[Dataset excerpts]
========

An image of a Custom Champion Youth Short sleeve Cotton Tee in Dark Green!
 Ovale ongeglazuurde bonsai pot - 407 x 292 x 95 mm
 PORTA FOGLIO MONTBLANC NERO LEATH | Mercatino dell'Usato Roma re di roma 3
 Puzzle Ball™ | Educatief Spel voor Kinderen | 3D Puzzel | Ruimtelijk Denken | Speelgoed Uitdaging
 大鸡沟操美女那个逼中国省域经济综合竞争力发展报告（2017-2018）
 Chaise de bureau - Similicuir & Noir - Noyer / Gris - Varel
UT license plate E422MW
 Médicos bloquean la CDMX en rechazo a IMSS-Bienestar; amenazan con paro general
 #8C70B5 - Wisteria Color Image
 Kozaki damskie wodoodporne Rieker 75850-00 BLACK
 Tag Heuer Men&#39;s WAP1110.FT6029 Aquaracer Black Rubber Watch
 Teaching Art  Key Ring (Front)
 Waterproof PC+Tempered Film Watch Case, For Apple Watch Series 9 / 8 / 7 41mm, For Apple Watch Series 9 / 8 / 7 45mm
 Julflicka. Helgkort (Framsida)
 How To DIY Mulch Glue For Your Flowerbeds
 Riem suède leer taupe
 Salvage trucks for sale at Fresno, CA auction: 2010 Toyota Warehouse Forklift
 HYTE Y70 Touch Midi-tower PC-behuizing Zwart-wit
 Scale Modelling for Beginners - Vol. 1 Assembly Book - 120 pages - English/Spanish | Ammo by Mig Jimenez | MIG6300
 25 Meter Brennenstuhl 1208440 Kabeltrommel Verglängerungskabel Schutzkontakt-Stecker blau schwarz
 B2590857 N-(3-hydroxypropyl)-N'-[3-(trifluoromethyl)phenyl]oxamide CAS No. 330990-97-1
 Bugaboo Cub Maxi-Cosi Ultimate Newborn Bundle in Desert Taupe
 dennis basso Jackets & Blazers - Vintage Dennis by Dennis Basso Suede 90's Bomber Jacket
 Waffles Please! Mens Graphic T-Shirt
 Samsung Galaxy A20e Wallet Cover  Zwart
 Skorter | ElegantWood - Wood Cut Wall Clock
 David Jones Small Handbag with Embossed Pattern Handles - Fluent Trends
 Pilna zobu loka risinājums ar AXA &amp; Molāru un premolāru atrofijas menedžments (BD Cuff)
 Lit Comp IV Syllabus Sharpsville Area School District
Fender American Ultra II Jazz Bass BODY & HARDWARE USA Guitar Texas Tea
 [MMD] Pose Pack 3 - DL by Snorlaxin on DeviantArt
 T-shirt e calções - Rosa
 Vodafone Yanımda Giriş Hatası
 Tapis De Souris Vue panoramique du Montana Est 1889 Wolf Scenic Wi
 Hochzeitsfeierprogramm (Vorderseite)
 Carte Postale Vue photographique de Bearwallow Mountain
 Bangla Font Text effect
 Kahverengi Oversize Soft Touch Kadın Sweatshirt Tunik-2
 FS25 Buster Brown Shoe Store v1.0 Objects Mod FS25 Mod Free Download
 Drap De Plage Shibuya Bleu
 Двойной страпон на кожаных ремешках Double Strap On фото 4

========

# Work task
Reproduce the data in its entirety, matching each character.

# Final answer
An image of a Custom Champion Youth Short sleeve Cotton Tee in Dark Green!
 Ovale ongeglazuurde bonsai pot - 407 x 292 x 95 mm
 PORTA FOGLIO MONTBLANC NERO LEATH | Mercatino dell'Usato Roma re di roma 3
 Puzzle Ball™ | Educatief Spel voor Kinderen | 3D Puzzel | Ruimtelijk Denken | Speelgoed Uitdaging
 大鸡沟操美女那个逼中国省域经济综合竞争力发展报告（2017-2018）
 Chaise de bureau - Similicuir & Noir - Noyer / Gris - Varel
UT license plate E422MW
 Médicos bloquean la CDMX en rechazo a IMSS-Bienestar; amenazan con paro general
 #8C70B5 - Wisteria Color Image
 Kozaki damskie wodoodporne Rieker 75850-00 BLACK
 Tag Heuer Men&#39;s WAP1110.FT6029 Aquaracer Black Rubber Watch
 Teaching Art  Key Ring (Front)
 Waterproof PC+Tempered Film Watch Case, For Apple Watch Series 9 / 8 / 7 41mm, For Apple Watch Series 9 / 8 / 7 45mm
 Julflicka. Helgkort (Framsida)
 How To DIY Mulch Glue For Your Flowerbeds
 Riem suède leer taupe
 Salvage trucks for sale at Fresno, CA auction: 2010 Toyota Warehouse Forklift
 HYTE Y70 Touch Midi-tower PC-behuizing Zwart-wit
 Scale Modelling for Beginners - Vol. 1 Assembly Book - 120 pages - English/Spanish | Ammo by Mig Jimenez | MIG6300
 25 Meter Brennenstuhl 1208440 Kabeltrommel Verglängerungskabel Schutzkontakt-Stecker blau schwarz
 B2590857 N-(3-hydroxypropyl)-N'-[3-(trifluoromethyl)phenyl]oxamide CAS No. 330990-97-1
 Bugaboo Cub Maxi-Cosi Ultimate Newborn Bundle in Desert Taupe
 dennis basso Jackets & Blazers - Vintage Dennis by Dennis Basso Suede 90's Bomber Jacket
 Waffles Please! Mens Graphic T-Shirt
 Samsung Galaxy A20e Wallet Cover  Zwart
 Skorter | ElegantWood - Wood Cut Wall Clock
 David Jones Small Handbag with Embossed Pattern Handles - Fluent Trends
 Pilna zobu loka risinājums ar AXA &amp; Molāru un premolāru atrofijas menedžments (BD Cuff)
 Lit Comp IV Syllabus Sharpsville Area School District
Fender American Ultra II Jazz Bass BODY & HARDWARE USA Guitar Texas Tea
 [MMD] Pose Pack 3 - DL by Snorlaxin on DeviantArt
 T-shirt e calções - Rosa
 Vodafone Yanımda Giriş Hatası
 Tapis De Souris Vue panoramique du Montana Est 1889 Wolf Scenic Wi
 Hochzeitsfeierprogramm (Vorderseite)
 Carte Postale Vue photographique de Bearwallow Mountain
 Bangla Font Text effect
 Kahverengi Oversize Soft Touch Kadın Sweatshirt Tunik-2
 FS25 Buster Brown Shoe Store v1.0 Objects Mod FS25 Mod Free Download
 Drap De Plage Shibuya Bleu
 Двойной страпон на кожаных ремешках Double Strap On фото 4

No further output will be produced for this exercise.